Hostens Molens ()

Hostens Molen, een bakstenen stellingmolen van 1856-1857, gaat terug op een bergmolen van 1774, die op zijn beurt een staakmolen verving. De molen - 400 meter ten westen van de kerk - is achterin gelegen ten noorden van de Kruiswegestraat. De oprit naar de molen loopt tussen twee lage dorpswoningen (Kruiswegestraat nummers 4 en 6). De vroegere olie- en korenwindmolen is enkel nog ingericht als korenmolen.

Historiek

Vóór 1774 is er reeds sprake van een houten windmolen op deze plaats. Het betrof een vrije molen zonder heerlijke rechten. In 1774 verving Vincent Scheere de staakmolen door een bakstenen molen op molenberg. Op een plan van 1807 is deze stenen molen reeds aangeduid. De verkeerde intekening als staakmolen op het primitief kadasterplan (rond 1830) werd in 1865 rechtgezet. Bij de molen hoorde een eveneens achterin gelegen molenaarswoning. Rond 1830 was er nog geen bebouwing aan de straat.
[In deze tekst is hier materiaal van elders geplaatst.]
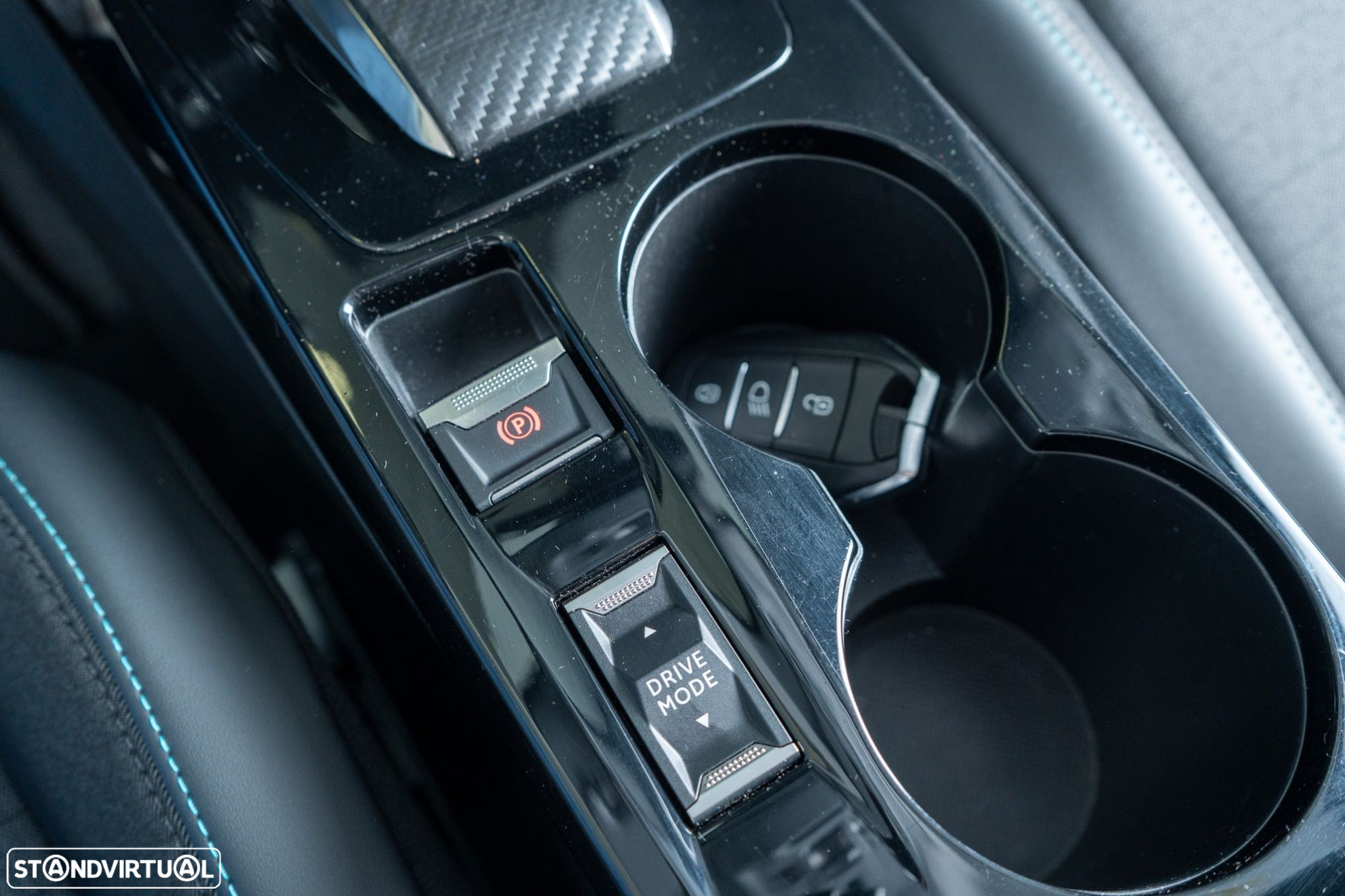 Peugeot e-2008 50 kWh Allure - 9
Griffier en olieslager Jan-Baptist Vincent was vanaf 1834 eigenaar. In 1849 ging de molen via huwelijk over naar molenaar Ferdinand Hoste. Beide eigenaars lieten hun sporen na in de naamgeving van de molen. Op de Vandermaelenkaart (rond 1850) is de molen immers aangeduid als "Moulin St. Vincent". De huidige benaming verwijst dan weer naar de familie Hoste die in 1849 haar intrede deed. Rond 1855 kwam de windvang van de bergmolen in het gedrang door de verhoging van de kloostergebouwen. Daarop verhoogde Hoste de molenromp in 1856-1857 tot een stellingmolen. Hierbij werd ook de molenberg afgegraven. Rond 1865 werd tussen de molen en de woning een magazijn gebouwd. Rond 1879 werden de woning en de gebouwen rond de molen uitgebreid. Rond 1885 volgde nogmaals een vergroting van de omgevende gebouwen. Van 1885 tot 1910 was er een stoommachine om op windstille dagen te malen. Na de afbraak van de molenaarswoning (1909) werden molen en magazijn in 1910 kadastraal verenigd. Deze bouwgeschiedenis resulteerde in een stellingmolen met op de begane grond (ter hoogte van de afgegraven berg) aanbouwen onder pannen zadeldaken. Vermoedelijk bevond de ingang tot de molen zich in deze aanbouwen.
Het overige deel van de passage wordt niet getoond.